Kenya Airways, Rubis Energy Kenya to establish Africa’s 1st dedicated SAF refinery
- Kenya Airways
- 33 minutes ago
- 2 min read

Kenya Airways and Rubis Energy Kenya, a subsidiary of Rubis Énergie, signed a memorandum of understanding (MOU) May 10 to develop the first dedicated sustainable aviation fuel (SAF) refinery on the African continent.
The project, based in Nairobi, establishes a framework for the joint engineering, financing and operation of a facility designed to produce low-carbon fuel from local waste feedstocks.
The agreement was finalized in the presence of William Ruto, the president of the Kenya, and Emmanuel Macron, the president of France.
As the two heads of state observed the signing during the Africa Forward Summit, the event marked a shift in regional industrial cooperation.
For the first time, this summit was hosted in a non-Francophone nation, highlighting a shared intent between Kenya and France to accelerate investments in green energy and technology.
The refinery will utilize modular technology from Dragonfly to process primary feedstocks, including used cooking oils, waste animal fats and other vegetable oils.
By locating it near Jomo Kenyatta International Airport, production will be integrated with existing infrastructure.
The refinery is expected to have an annual production capacity of 32,000 metric tons, with a project investment estimated at between 60-million and 70-million euros (USD$70.4 million and USD$82.2 million).
George Kamal, the acting group managing director and CEO of Kenya Airways, stated that the project addresses the urgent need to decarbonize the aviation sector.
“The expansion of air transport is linked to a growing share of global greenhouse-gas emissions,” he said. “Currently, Jomo Kenyatta International Airport consumes 2.9 million liters of jet fuel every day, an amount equal to filling the tanks of 52,727 family cars.”
He said switching to SAF was the most commercially viable, technologically mature and lowest-risk solution to significantly decarbonize aviation in the world today.
“While we currently depend entirely on imports, this refinery allows us to produce our own sustainable fuel,” Kamal said. “Renewable biogenic fuel is the optimal route for airlines to reach the goal of the International Civil Aviation Organization to achieve net-zero CO2e emissions by 2050.”
Jean-Christian Bergeron, the co-managing partner of Rubis and CEO of Rubis Énergie, said the company’s involvement was consistent with its roadmap to deliver low-carbon energy solutions around the world, with a special focus on bringing meaningful opportunities to Africa.

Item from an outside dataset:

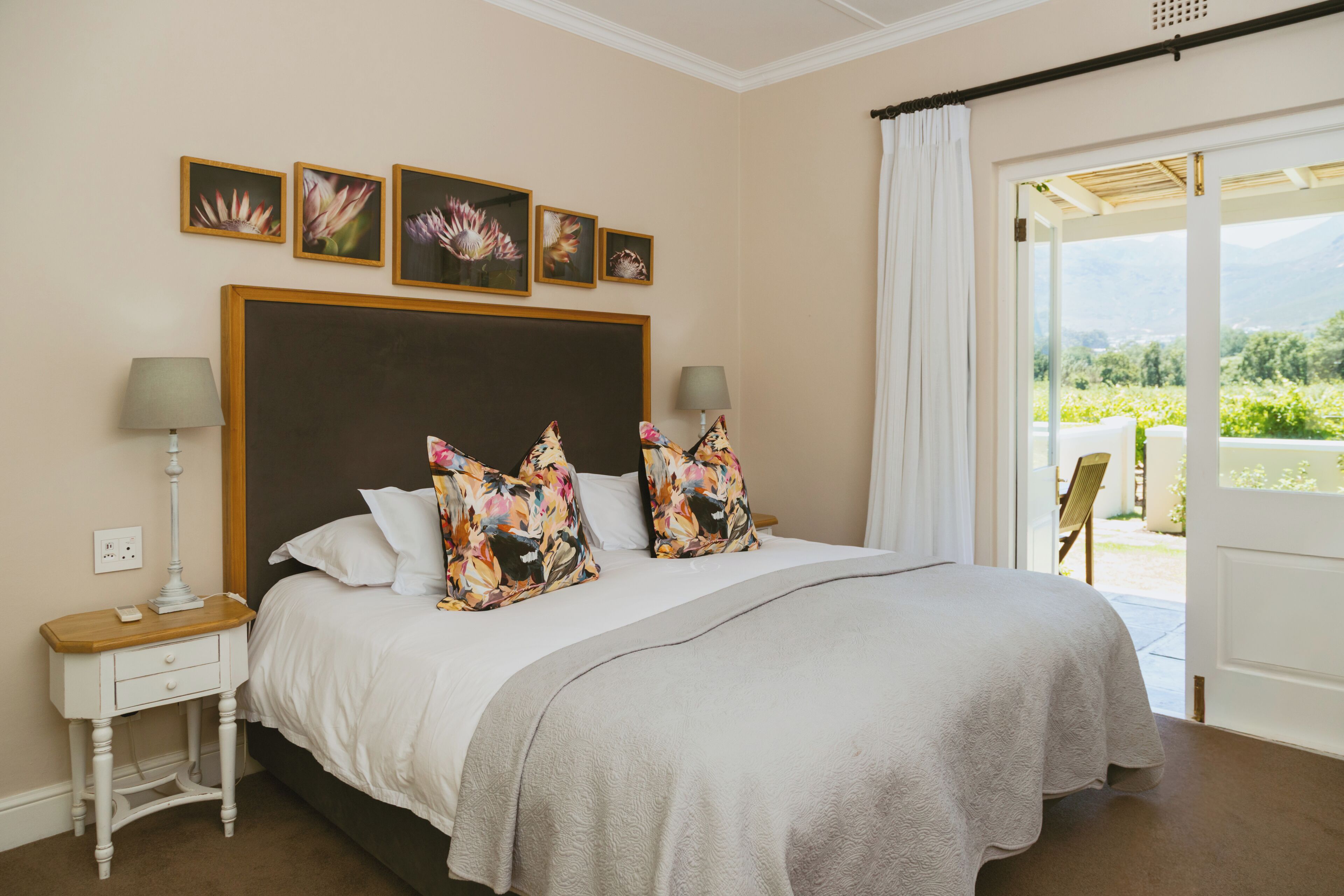 Deluxe Double Room Ground Floor | Sengetøy av topp kvalitet, minibar og safe på rommet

“Our priority will be technology transfer and ensuring that training is provided for local skills development so that the facility, and associated supply chains, will be operated and managed by Kenyans,” he said. “This focus on local skills aligns with the broader objectives of the Africa Forward Summit to create meaningful economic opportunities through international partnerships.”
Dragonfly, the company Rubis has partnered with to provide modular SAF refineries, is founded on bringing existing technologies to market quicker than any other SAF refinery in the world, with a lower financial and carbon footprint.
Dragonfly intends to bring the facility online within 24 months of receiving all the required local planning approvals.
“The critical advantage of this project is that a Dragonfly refinery can be sited close to both the feedstock and the consumers of the fuel, and utilize the existing Rubis infrastructure to provide a long-term daily supply of SAF to Kenya Airways at Jomo Kenyatta International Airport,” said Dragonfly CEO Karl W. Feilder.